Thanks girls its odd to deal with at this point as OH Is in full daddy protecting mode lol...I agree it was tough for the whole family..and that's why I could understand the first extent of it...and I feel sorry for her but she definitly uses all things to get attention and I can't help but wonder if that is part of this....I understand that bitterness when its someone who can't even care for a child or a stranger but I always thought those who've lost were happy for one another no matter how bitter we became...I know I was always happy to see a ttcal get a bfp :) Thanks for the input!
 
JAIME!!!!! Saw baby Blake's picture on FB! So happy for you! He is gorgeous! I can't believe you are a momma! You have to tell us your experience. AHHH! So excited!
 
:flower: Yay Jaime your a mummy!!! I hope Blake is everything you imagined him to be. I cant believe he is finally here. You must be over the moon, such an amazing Christmas present. xxxx

Dove - I get what you are saying about milestones, I dont think I will be happy until at least 24 weeks when I next get pregnant as at least baby should be viable by now, its very hard to get excited etc. I was relieved with my last pregnancy that I reached 9 weeks with no bleeding (then to discover it was ectopic). With my first I had 2 small episodes of bleeding which terrified me. Getting to 12 weeks you breath a sigh of relief (usually) but sadly once you have had a loss the innocence of pregnancy is swiped from you. I felt good at 16 weeks when I heard the HB and started to relax, the weekend before I went into labour was the first time friends said I looked happy, relaxed and excited about having a baby as I was so scared. Then on the Monday my waters broke at 19 +3. BUT remember this pregnancy wont end like the last, enjoy the time being pregnant (very hard I know).

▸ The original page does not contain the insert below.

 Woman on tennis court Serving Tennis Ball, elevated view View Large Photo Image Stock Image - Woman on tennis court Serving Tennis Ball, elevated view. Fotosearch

I can look back at my pregnancy with Bertie and say that I have fond memories of feeling him move about etc, if you worry you wont enjoy these moments. I hope that make sense. But overall I totally get you about reaching milestones xx

Emily I think she needs counselling too. I feel very sorry for her as I know how she must be feeling, seeing pregnant people and babies when you were so close to a take home baby is very hard. Giving birth to a baby and not getting to take it home is probably one of the hardest things anyone will ever have to go through. I'm sure she isnt angry that its her brother per se, but probably just angry about pregnancy in general. I am sure when your baby is here she will probably feel jealous but I would like to think she wouldnt do anything silly - your baby wont look like hers so she shouldnt have that desire (IYKWIM). I feel very sorry that her grief has consumed her. Its very sad that she cant be excited about your baby but grief does terrible things to us.

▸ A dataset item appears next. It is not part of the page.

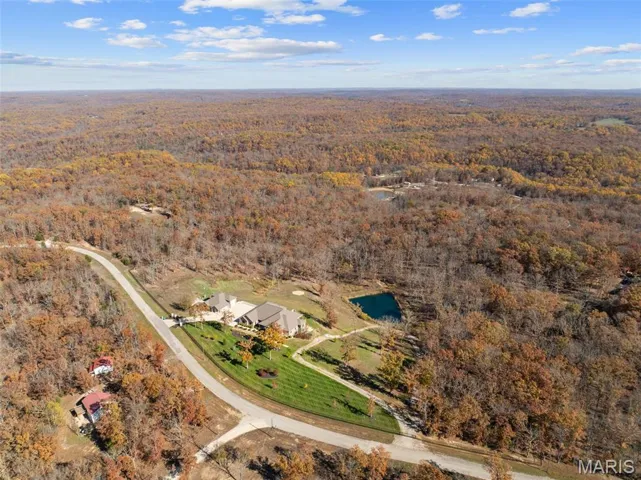 Aerial view of property and surrounding area with a heavily wooded area and a large body of water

Sunny I really hope those symptoms are the start of something xxx Cant wait for you to test and get that BFP! It would be brilliant to see xxx

AFM af is just finishing up. I have felt very stressed the last few days - not getting a bfp this cycle has really upset me. I know I ovulated from the side where I have a tube and that our timing was very good. Its so frustrating that it didnt happen. I dont know whats going to happen this month, I thought my cycles were back to O on CD19 but last month I O'd CD15 which will be New years day. The woman who does my reflexology hasnt got back to me with an appointment - thats stressing me out as I need reflexology (I am sure this helped me with my BFP last time) and just the fact I feel stress I feel I need reflexology to destress!